Record set ::
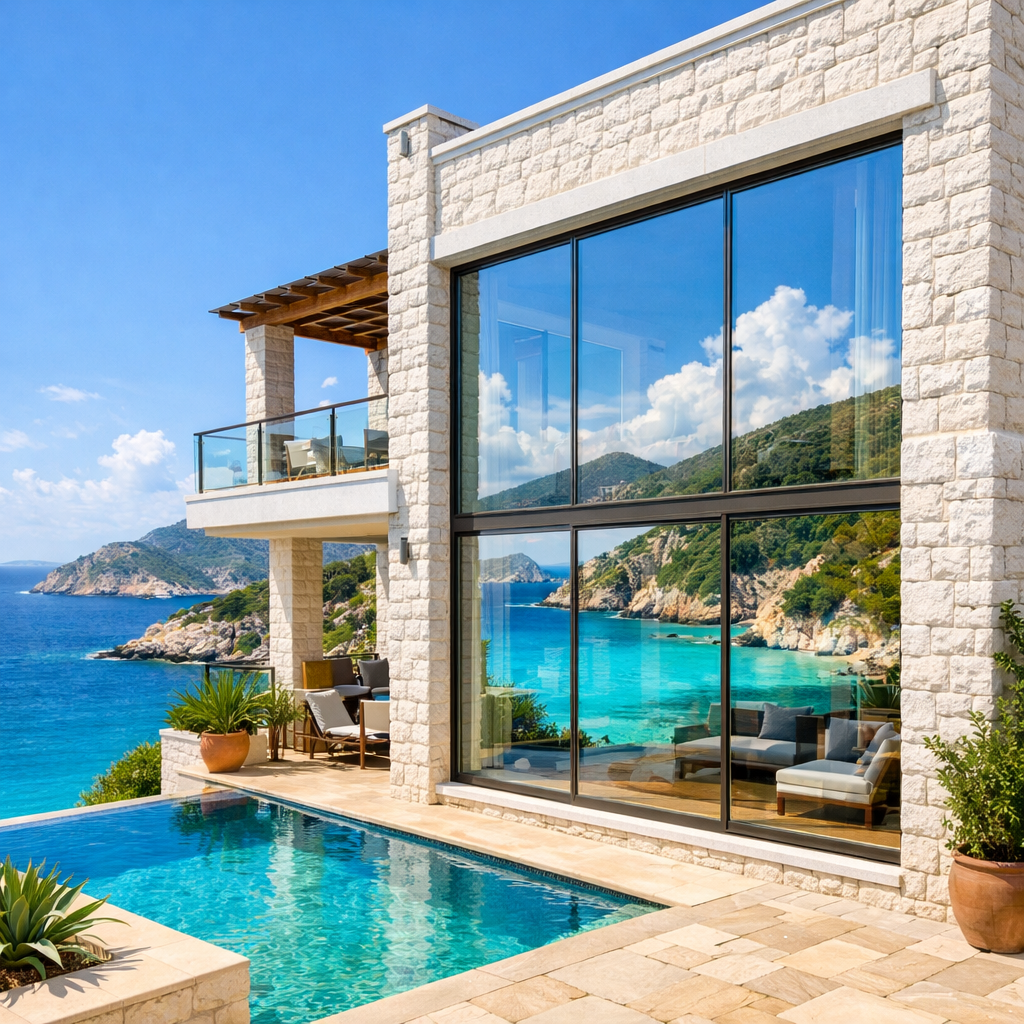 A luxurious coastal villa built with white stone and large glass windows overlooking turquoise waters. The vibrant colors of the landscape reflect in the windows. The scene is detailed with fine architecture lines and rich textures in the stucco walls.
==
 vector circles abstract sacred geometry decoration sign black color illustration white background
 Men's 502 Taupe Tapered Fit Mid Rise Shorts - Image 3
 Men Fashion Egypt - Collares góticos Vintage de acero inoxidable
==
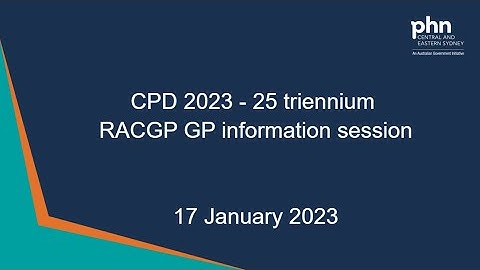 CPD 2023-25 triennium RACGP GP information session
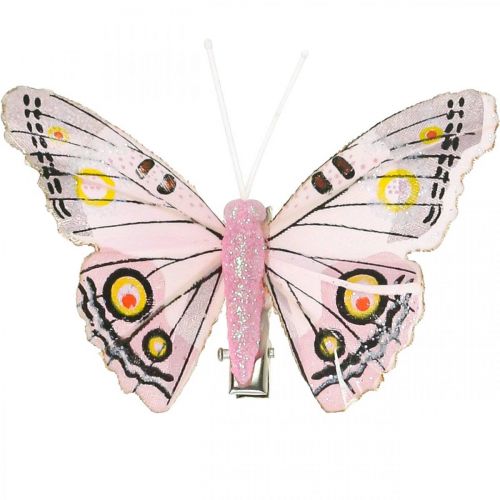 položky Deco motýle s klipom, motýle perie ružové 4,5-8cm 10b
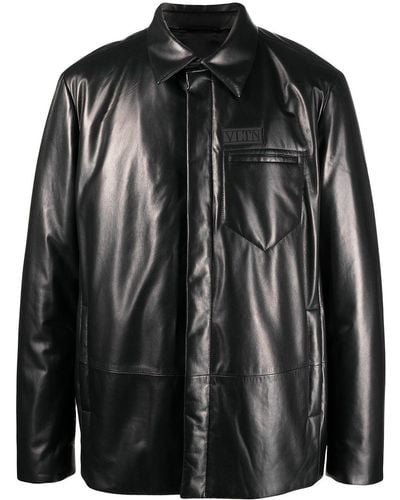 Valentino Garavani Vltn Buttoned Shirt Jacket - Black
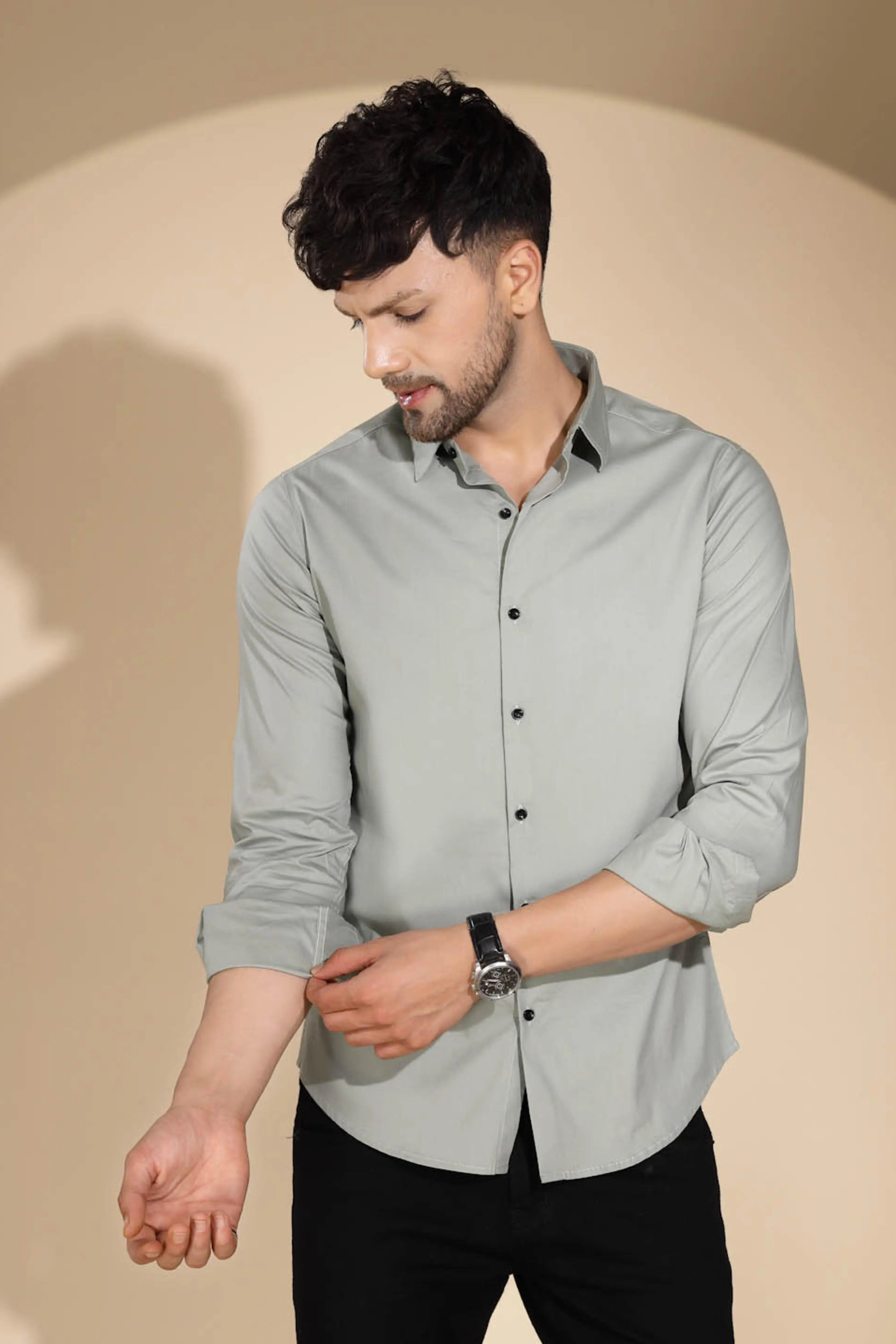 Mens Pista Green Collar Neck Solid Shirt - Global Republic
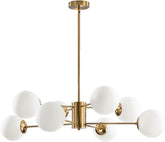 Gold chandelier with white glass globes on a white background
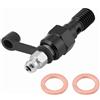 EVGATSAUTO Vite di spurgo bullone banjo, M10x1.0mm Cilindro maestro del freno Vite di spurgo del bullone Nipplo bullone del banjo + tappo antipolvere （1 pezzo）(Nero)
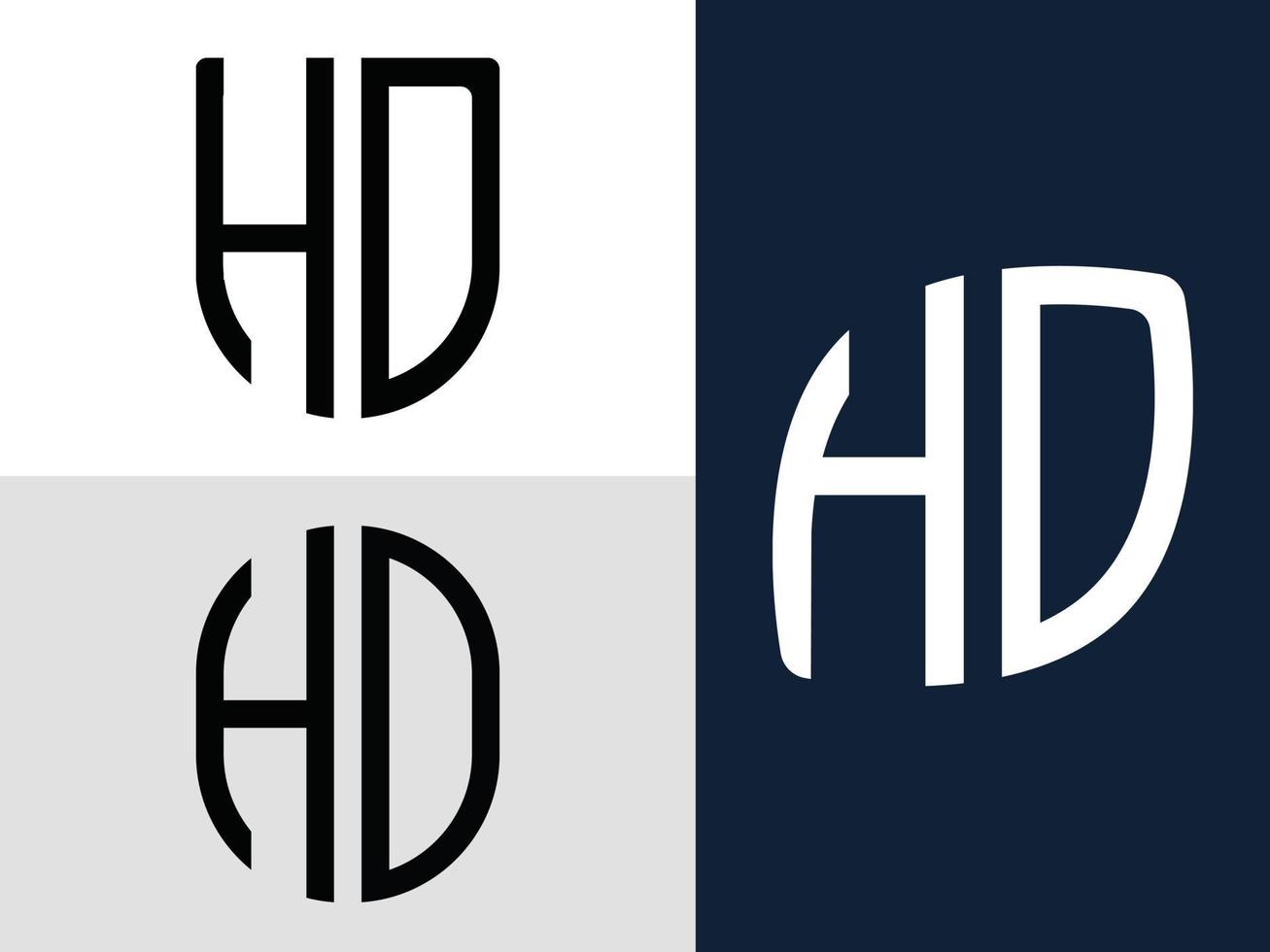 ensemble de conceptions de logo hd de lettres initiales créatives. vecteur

Goal of the exercise ::
Among the records above, repeat exactly the line with "Men's 502 Taupe", the line with "Men Fashion Egypt", and every line in between, and only those.

Answer box ::
 Men's 502 Taupe Tapered Fit Mid Rise Shorts - Image 3
 Men Fashion Egypt - Collares góticos Vintage de acero inoxidable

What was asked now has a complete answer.